黙示録2009 隕石群襲来 「評価 C」
地球に接近している無数の隕石群。NASAの観測ではこれらは地球のすぐ側を通過するとのことだったので、人々はやがて見られるであろう流星雨を楽しみにしていた。ところが隕石群が地球に到来するその日になって、NASAのブライトン博士は驚愕すべき事実を国の上層部に伝えた。これまで参考にしていた隕石群に関する観測データは何者かによって改ざんされたものであり、このままでは隕石群は衛星軌道上の宇宙ステーションを破壊した後、カリフォルニア州に降り注ぎ、数十万人の死者が出るというのだ。それを知った政府は慌てて避難命令を出すが間に合うはずもなく、やがて宇宙ステーションは粉砕され、ロスアンゼルスの街は炎に包まれた。それどころか隕石の被害を受けた宇宙ステーションが軌道を外れ、ロスアンゼルスに墜落してくることが明らかに。宇宙ステーションには核融合炉が内蔵されており、もし地面に激突したらカリフォルニアは以後1000年間死の大地となってしまう。そこで国防総省はミサイルを発射して宇宙ステーションを爆破する計画を打ち立て、実行への準備にかかった。その一方、ブライトン博士は観測データを改ざんした犯人を探す中で、重大な陰謀に気付いてしまう。観測データを書き換えたのは、他ならない国防総省だった。国防総省はミサイル防衛を強化する法案を成立させるため、隕石群によって宇宙ステーションが墜落するよう仕向けていたのである…。

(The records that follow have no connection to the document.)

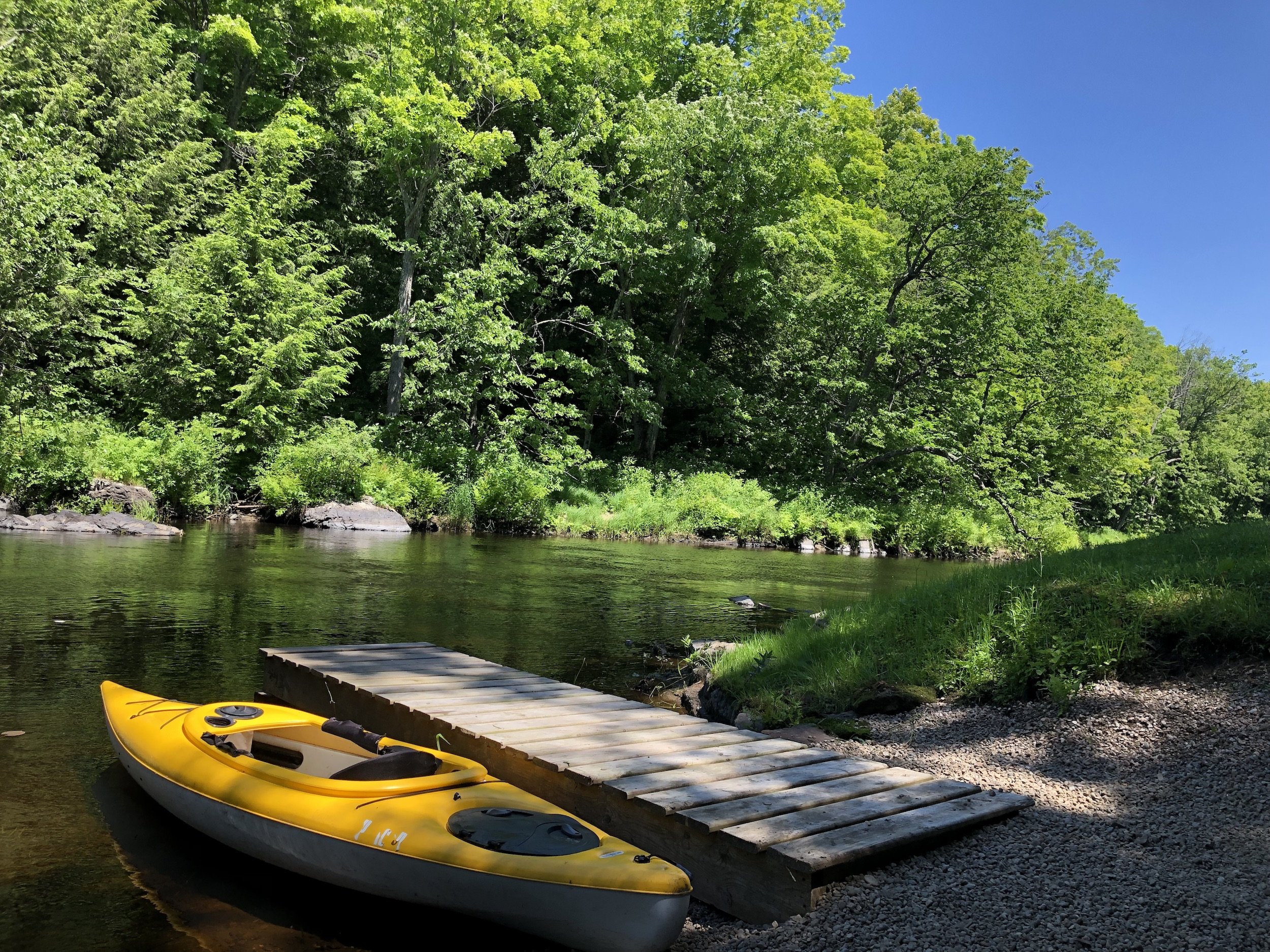 Kayaking at the top Couples Resort getaway in Ontario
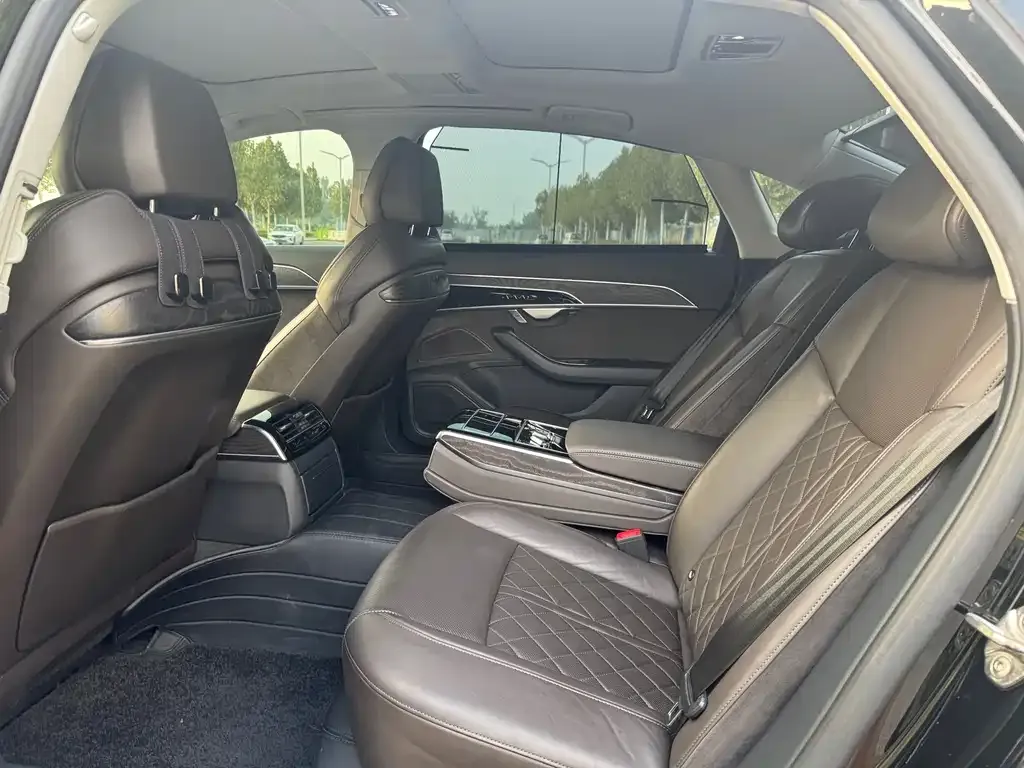 Audi A8 2021 из CN, фото 5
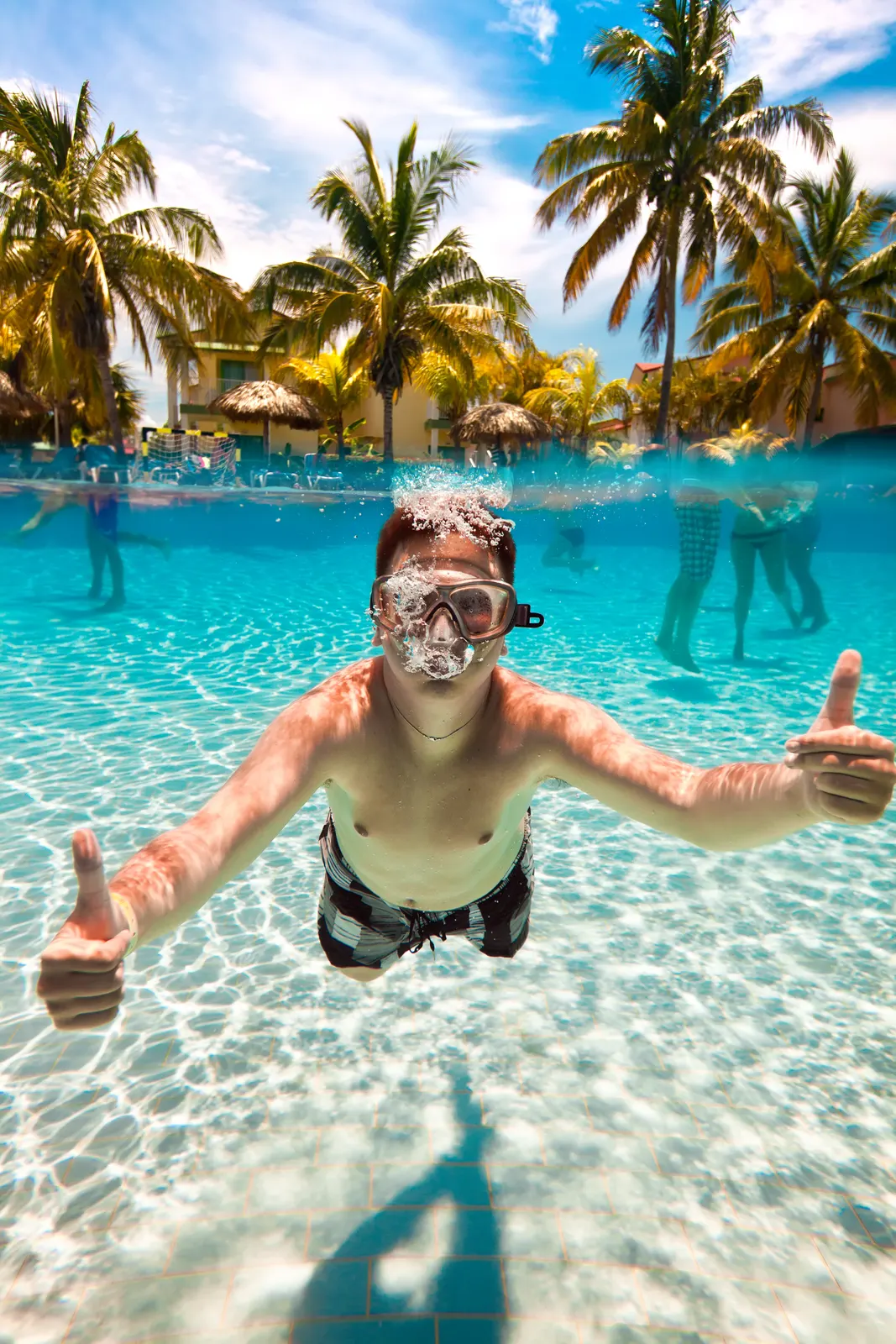 Viajero disfrutando una experiencia acuática en una playa tropical de aguas cristalinas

天体からやってくる脅威を強大な軍事力によってはねのける。「メテオ」「アルマゲドン」を始め、数多くの天体パニック映画で踏襲されているこの王道パターンを、強烈に皮肉ったのがこの映画だ。どうしようもないと思われていた巨大な災厄をはねのければ、当然軍の発言力は強くなるだろう。本作の国防総省はそこに付け込んで、宇宙ステーション撃破後に軍の防衛費を上げさせ、懇意にしている軍需産業を潤そうと企んだのだ。そのためにわざわざ隕石群の観測データを操作していたのは随分と回りくどい話だし、陰謀発覚までの過程が飛躍しすぎている、FBIが陰謀が暴露されるのを防ごうとして軽率にも生中継中のリポーターの頭に銃を突き付ける、など脚本上の欠陥が多すぎてストーリーは破綻をきたしていたものの、天体パニック映画好きとしては、こんな斜めに構えたアプローチからの発想を評価せずにはいられなかった。